• **ACTIVITY**
Your output should consist of the lines from the first line of the records below through the one with "Blédina - Blédi'dej", exactly, minus the pictures.

■ ■ ■ ■ ■ ■ ■

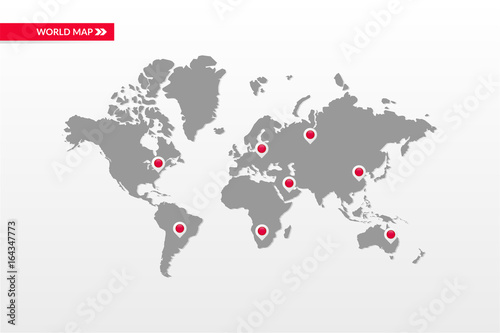 Vector world map infographic symbol. Country capital map point icons. International global illustration sign. Template elements for business, global marketing project, web design, presentation, text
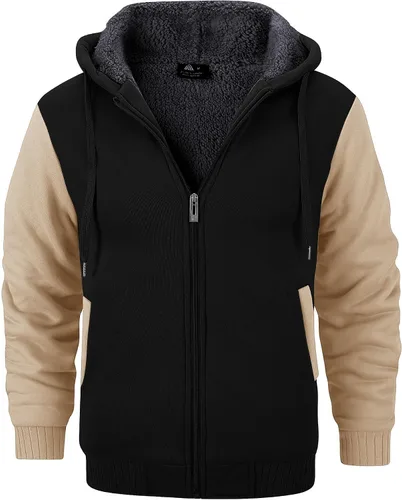 Miniatura 106 de GEEK LIGHTING Sudadera con capucha y cremallera para hombre, forro polar, chaqueta gruesa con capucha para invierno, cálida sudadera atlética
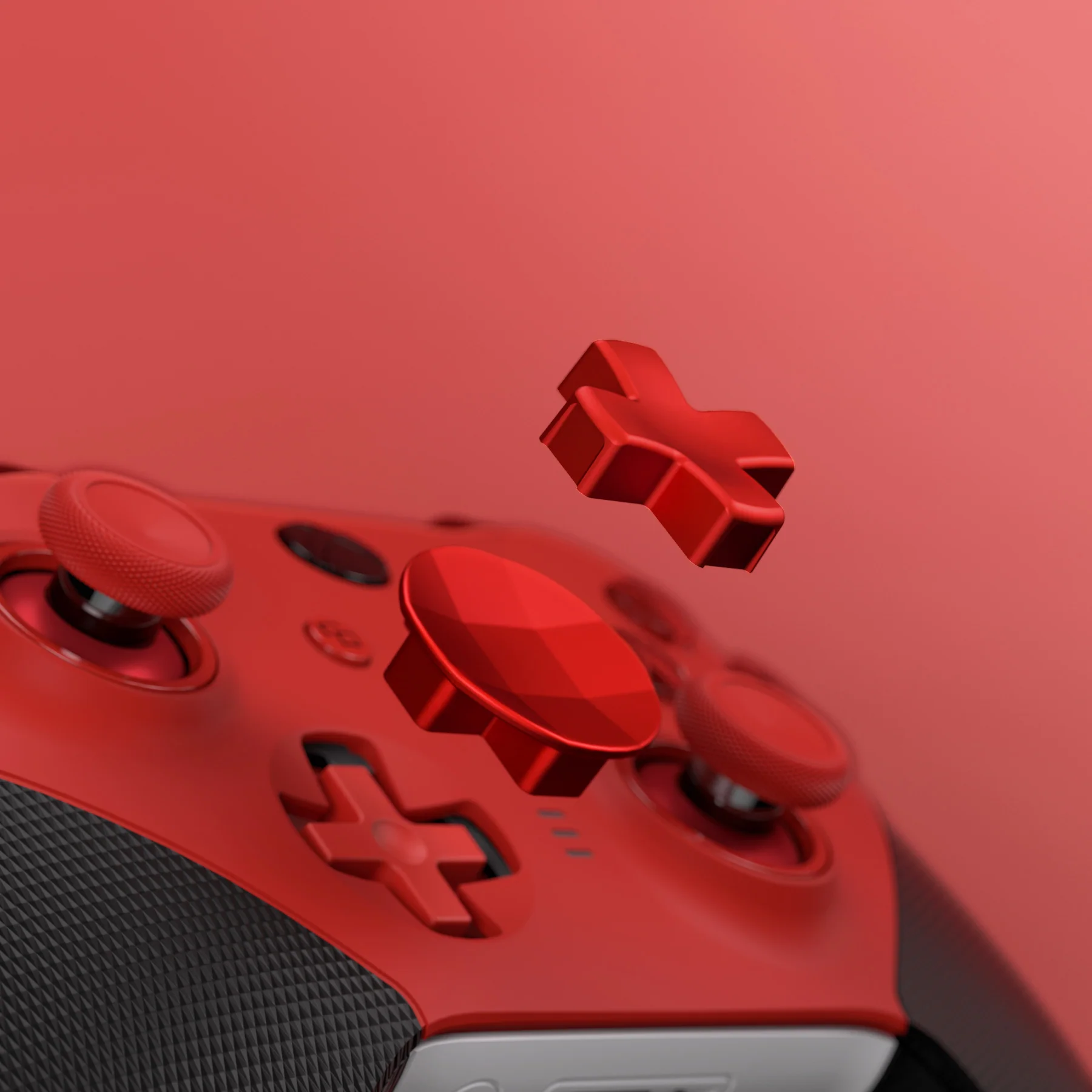 eXtremeRate 13 in 1 Component Pack Kit Replacement Metal Thumbsticks & D-Pads & Paddles for Xbox Elite Series 2 & Elite 2 Core Controller (Model 1797) - Scarlet Red & Metallic Silver - Image 6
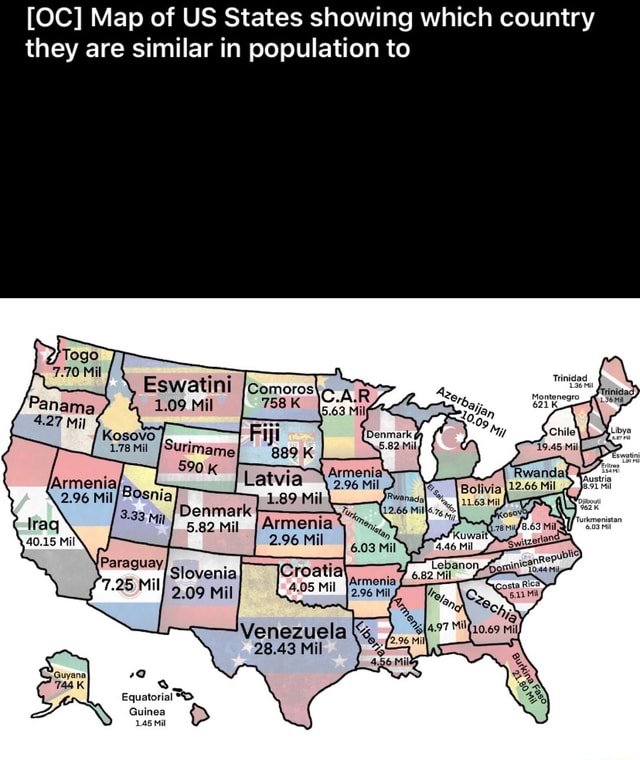 [OC] Map of US States showing which country they are similar in ...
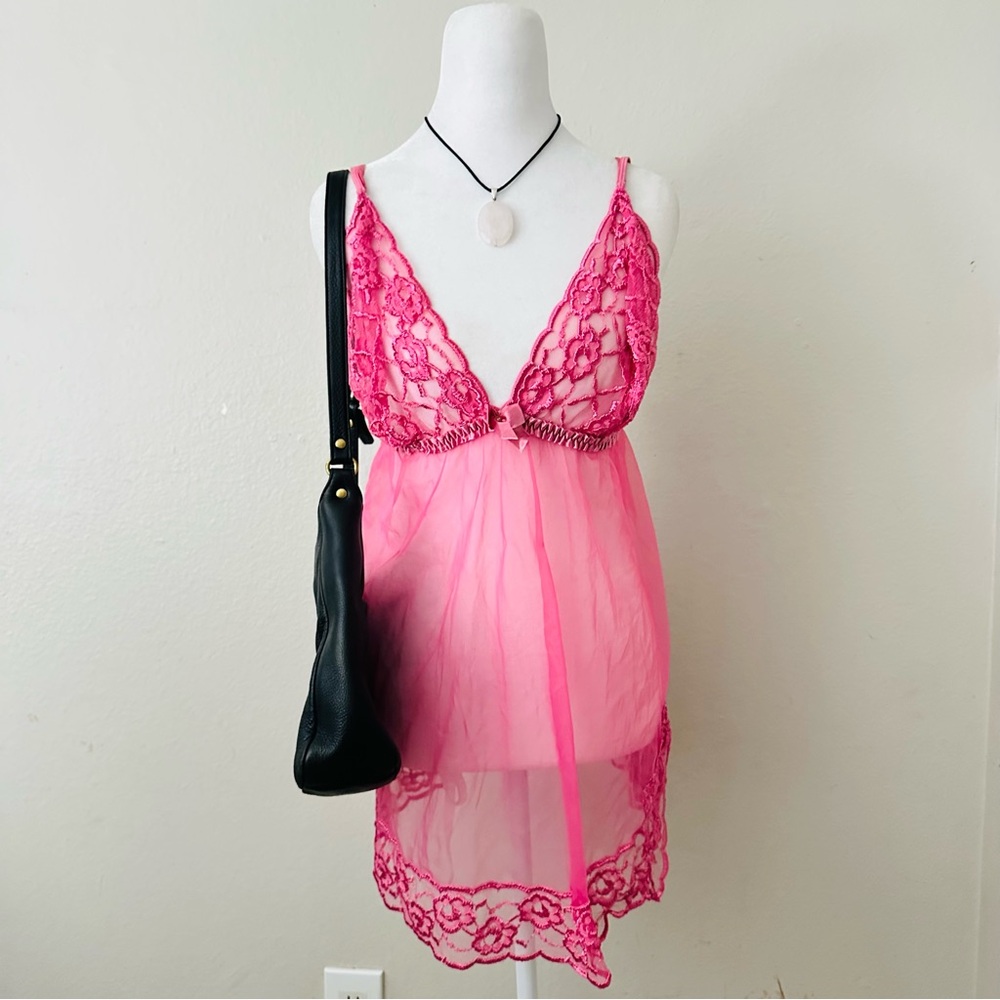 Frederick’s of Hollywood mauve pink lace mesh sheer babydoll lingire mini dress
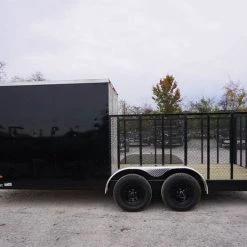 Enclosed Utility Hybrid Trailer 7'x18' with Side Door- Lawn Mower Equipment Hauler -Cheap Trailers Store 8 21 32 1
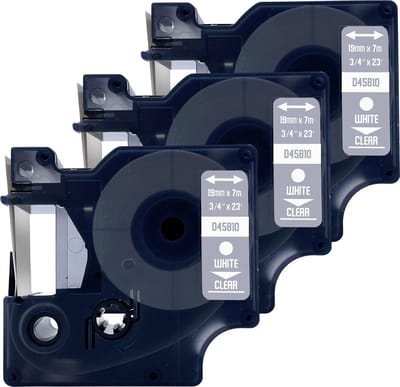 DULA Dymo D1 45810 - S0720900 - Compatible label tape - 3 lettertapes -Wit op transparant - 19mm x 7m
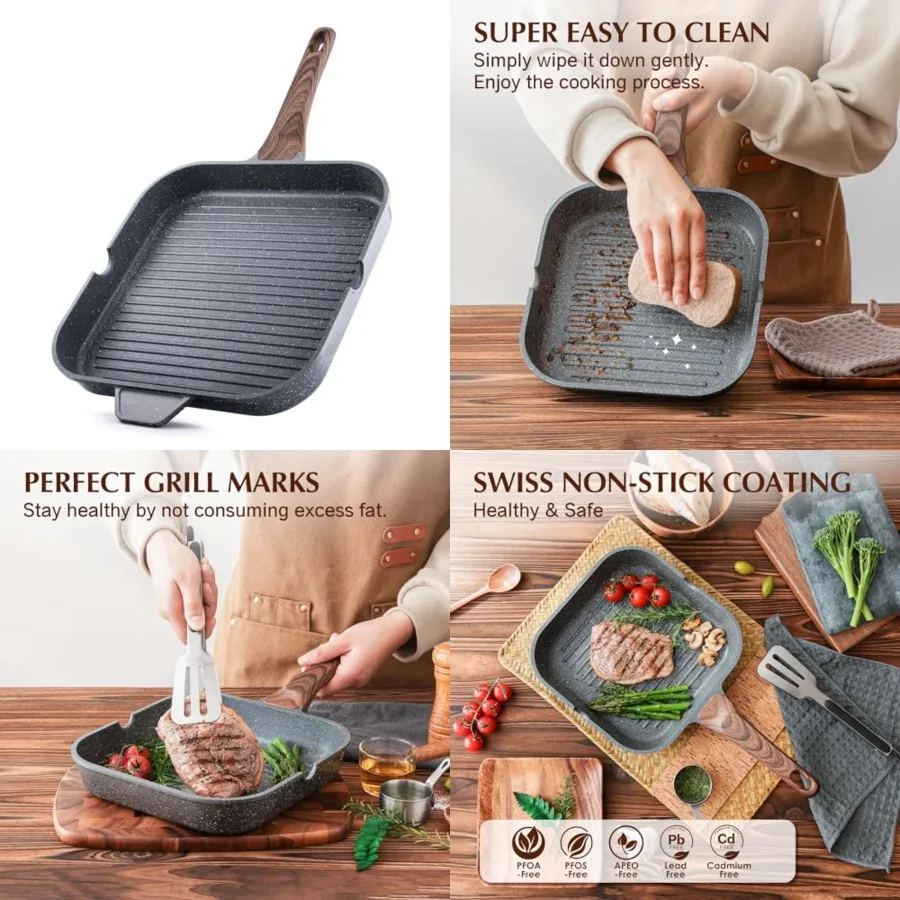 

Nonstick Grill Pan for Stove Tops, Versatile Griddle with Pour Spouts, Square Big Cookg Surface, Durable Skillet door Outdoor G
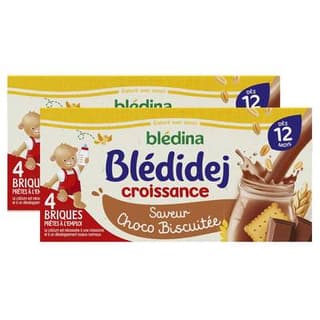 Blédina - Blédi'dej Céréales lactées Choco Biscuitée Brique Bébé Dès 12 mois, Lot de 2 - 4x25cl
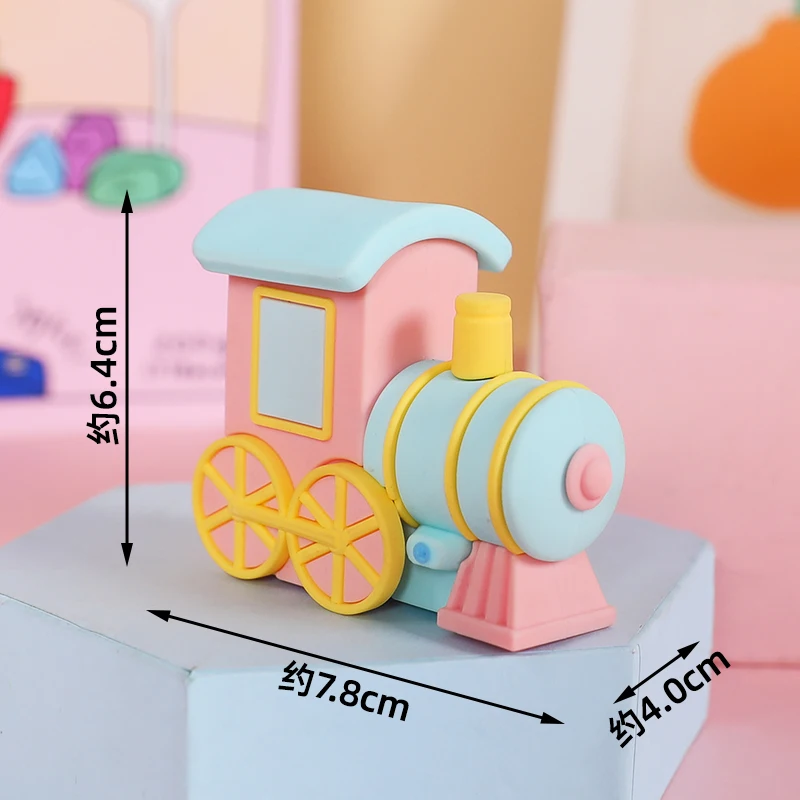 Blauer Zug-Kuchenaufsatz, Lokomotive, Kuchendekoration, weiches Gummi, rot, blau, grau, Macaron, kleiner Zug für Kinder, alles Gute zum Geburtstag – Detail 20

■ ■ ■ ■ ■ ■ ■

• **EXERCISE RESPONSE**
 Vector world map infographic symbol. Country capital map point icons. International global illustration sign. Template elements for business, global marketing project, web design, presentation, text
 Miniatura 106 de GEEK LIGHTING Sudadera con capucha y cremallera para hombre, forro polar, chaqueta gruesa con capucha para invierno, cálida sudadera atlética
 eXtremeRate 13 in 1 Component Pack Kit Replacement Metal Thumbsticks & D-Pads & Paddles for Xbox Elite Series 2 & Elite 2 Core Controller (Model 1797) - Scarlet Red & Metallic Silver - Image 6
 [OC] Map of US States showing which country they are similar in ...
 Frederick’s of Hollywood mauve pink lace mesh sheer babydoll lingire mini dress
 Enclosed Utility Hybrid Trailer 7'x18' with Side Door- Lawn Mower Equipment Hauler -Cheap Trailers Store 8 21 32 1
 DULA Dymo D1 45810 - S0720900 - Compatible label tape - 3 lettertapes -Wit op transparant - 19mm x 7m

Nonstick Grill Pan for Stove Tops, Versatile Griddle with Pour Spouts, Square Big Cookg Surface, Durable Skillet door Outdoor G
 Blédina - Blédi'dej Céréales lactées Choco Biscuitée Brique Bébé Dès 12 mois, Lot de 2 - 4x25cl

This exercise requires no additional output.